Protomartyr – ‘Relatives in Descent’

Protomartyr – ‘Relatives in Descent’

Album / Domino / 29.09.2017
Post punk


Manchester 1980, Detroit 2017, rien n’a changé. La même violente réalité économique, le même mépris écrasant des pouvoirs publics. Alors, bien que souvent comparé à The Fall, le post-punk de Protomartyr est toujours furieusement d’actualité. Les américains sortent ‘Relatives in Descent’ chez Domino, leur quatrième album enregistré en deux semaines ce printemps avec Sonny DiPerri (Animal Collective, Dirty Projectors).
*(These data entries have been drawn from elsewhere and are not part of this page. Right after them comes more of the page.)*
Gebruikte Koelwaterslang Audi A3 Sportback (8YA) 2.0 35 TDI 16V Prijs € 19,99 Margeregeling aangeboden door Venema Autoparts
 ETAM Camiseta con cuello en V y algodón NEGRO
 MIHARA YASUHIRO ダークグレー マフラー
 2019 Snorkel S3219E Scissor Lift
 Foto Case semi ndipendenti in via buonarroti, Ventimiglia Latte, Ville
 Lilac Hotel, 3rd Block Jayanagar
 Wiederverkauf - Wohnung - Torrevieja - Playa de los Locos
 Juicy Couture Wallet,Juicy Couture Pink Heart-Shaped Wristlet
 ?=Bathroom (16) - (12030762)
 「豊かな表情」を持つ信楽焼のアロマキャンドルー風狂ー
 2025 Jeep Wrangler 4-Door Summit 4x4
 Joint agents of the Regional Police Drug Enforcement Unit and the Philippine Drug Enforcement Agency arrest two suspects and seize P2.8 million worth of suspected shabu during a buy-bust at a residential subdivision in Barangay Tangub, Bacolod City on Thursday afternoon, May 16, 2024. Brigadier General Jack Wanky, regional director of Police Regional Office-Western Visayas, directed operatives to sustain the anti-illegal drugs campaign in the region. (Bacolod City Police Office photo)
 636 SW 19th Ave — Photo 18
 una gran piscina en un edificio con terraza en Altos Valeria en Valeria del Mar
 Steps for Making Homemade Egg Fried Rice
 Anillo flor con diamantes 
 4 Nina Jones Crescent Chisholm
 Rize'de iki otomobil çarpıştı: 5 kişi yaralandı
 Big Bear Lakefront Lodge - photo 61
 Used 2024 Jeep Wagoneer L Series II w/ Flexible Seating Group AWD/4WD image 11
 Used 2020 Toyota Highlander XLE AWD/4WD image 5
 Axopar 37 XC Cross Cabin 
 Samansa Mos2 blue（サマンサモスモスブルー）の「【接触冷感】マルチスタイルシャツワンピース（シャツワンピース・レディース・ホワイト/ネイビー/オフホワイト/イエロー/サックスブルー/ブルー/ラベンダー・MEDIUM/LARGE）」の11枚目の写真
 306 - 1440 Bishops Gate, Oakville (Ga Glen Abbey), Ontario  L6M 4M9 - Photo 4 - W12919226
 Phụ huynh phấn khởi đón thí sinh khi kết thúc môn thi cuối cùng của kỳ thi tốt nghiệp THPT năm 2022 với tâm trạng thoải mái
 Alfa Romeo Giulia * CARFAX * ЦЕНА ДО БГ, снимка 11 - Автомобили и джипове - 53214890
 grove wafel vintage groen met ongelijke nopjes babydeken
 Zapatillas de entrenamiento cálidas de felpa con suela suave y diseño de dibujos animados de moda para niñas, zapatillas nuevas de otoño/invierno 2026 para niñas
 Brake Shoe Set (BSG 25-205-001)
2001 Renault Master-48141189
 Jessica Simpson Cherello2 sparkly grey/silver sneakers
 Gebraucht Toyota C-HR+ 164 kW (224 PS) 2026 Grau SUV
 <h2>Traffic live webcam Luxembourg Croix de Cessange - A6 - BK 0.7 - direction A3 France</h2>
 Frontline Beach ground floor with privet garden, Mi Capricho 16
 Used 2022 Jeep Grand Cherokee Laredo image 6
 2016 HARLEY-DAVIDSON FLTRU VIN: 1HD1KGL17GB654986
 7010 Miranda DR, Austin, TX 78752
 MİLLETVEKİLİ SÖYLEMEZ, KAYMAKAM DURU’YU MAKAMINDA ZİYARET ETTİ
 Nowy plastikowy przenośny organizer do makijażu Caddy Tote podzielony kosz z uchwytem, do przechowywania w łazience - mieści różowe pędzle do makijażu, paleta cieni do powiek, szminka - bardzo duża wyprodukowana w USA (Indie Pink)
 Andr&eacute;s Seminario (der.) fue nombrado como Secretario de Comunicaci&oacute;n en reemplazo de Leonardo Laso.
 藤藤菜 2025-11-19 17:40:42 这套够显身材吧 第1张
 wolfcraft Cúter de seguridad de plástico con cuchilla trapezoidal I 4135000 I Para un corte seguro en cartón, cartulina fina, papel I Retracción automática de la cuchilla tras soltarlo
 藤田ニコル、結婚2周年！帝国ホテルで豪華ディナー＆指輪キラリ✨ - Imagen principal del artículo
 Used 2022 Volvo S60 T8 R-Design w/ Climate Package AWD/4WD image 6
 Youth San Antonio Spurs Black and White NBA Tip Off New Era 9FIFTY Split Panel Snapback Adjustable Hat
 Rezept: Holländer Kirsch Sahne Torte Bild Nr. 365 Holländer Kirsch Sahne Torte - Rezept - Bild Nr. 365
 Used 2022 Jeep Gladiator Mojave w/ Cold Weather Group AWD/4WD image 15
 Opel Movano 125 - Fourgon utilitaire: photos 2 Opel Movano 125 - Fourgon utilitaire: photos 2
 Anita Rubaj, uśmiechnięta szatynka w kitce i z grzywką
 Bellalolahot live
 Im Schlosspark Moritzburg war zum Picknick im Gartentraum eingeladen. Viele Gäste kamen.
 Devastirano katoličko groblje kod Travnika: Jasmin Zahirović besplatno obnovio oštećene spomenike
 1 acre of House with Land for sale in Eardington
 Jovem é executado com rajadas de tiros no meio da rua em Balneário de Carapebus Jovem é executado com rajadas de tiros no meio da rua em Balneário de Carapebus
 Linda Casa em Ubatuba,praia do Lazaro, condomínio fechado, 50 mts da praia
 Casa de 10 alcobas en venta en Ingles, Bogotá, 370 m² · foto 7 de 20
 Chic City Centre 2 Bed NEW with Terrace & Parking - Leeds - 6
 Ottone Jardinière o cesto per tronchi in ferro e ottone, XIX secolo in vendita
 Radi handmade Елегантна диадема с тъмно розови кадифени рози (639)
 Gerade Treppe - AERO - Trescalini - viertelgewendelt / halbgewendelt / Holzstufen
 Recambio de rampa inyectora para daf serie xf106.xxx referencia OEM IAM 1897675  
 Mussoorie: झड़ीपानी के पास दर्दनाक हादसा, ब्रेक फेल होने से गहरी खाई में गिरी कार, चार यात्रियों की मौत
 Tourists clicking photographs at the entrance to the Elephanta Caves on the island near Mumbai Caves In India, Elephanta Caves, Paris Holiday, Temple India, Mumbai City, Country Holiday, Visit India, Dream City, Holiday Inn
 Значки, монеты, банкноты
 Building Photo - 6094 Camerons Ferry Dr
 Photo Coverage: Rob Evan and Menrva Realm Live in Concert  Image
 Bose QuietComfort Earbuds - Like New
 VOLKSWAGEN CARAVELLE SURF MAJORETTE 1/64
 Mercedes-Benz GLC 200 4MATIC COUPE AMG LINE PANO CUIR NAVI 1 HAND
Les couplets de ‘A Private Understanding’ déroulent tel un monologue, une poésie désenchantée, la phrase ‘I don’t want to hear those vile trompets anymore‘ revient avec insistance, puis il est fait référence à l’anecdote véridique de Elvis quittant Flagstaff,  profondément bouleversé en voyant à travers un nuage le visage de Staline se changer en celui du Christ. La vérité et la réalité, ces deux piliers érodés de nos sociétés, sont les thèmes principaux du disque selon Joe Casey. Elle est peut être là la différence entre 1980 et 2017 : la frontière entre le vrai et le faux n’a jamais été si mouvante, le cynisme dégueulasse désormais enveloppé dans du papier cadeau. ‘My Children’ en sait quelque chose, souffle sur les braises du savoir, ‘Pass On, Pass On‘, incantations à l’élévation détruites par la réalité implacable. La personnalité de Joe Casey fait de Protomartyr un groupe particulier, des titres aux textes riches, une voix fatiguée qui ne tombera jamais. Il y a là la sérénité flamboyante du mec qui ne versera pas une goutte de son whisky dans les fracas de l’Apocalypse. Et pourtant, on sent ici la puissance des certitudes se fissurer, les nuages noirs influer sur le moral des troupes. ‘Windsor’ Hum’ dit ‘Everything’s fine’ mais on ne le croit pas une seconde, le lourd refrain en choeur de ‘Male Plague’ n’a plus rien de Post, ‘Up the Tower’ est violemment écrasé par une presse industrielle, martelé jusqu’à ce que la dernière trace de tissus vivants disparaisse. On est loin du spirituel ‘Odyshape’ des Raincoats, que le guitariste Greg Ahee a cité comme influence du disque. Heureusement le très beau et poignant ‘Half Sister’ vient clôturer ‘Relatives in Descent’ sur des notes humaines.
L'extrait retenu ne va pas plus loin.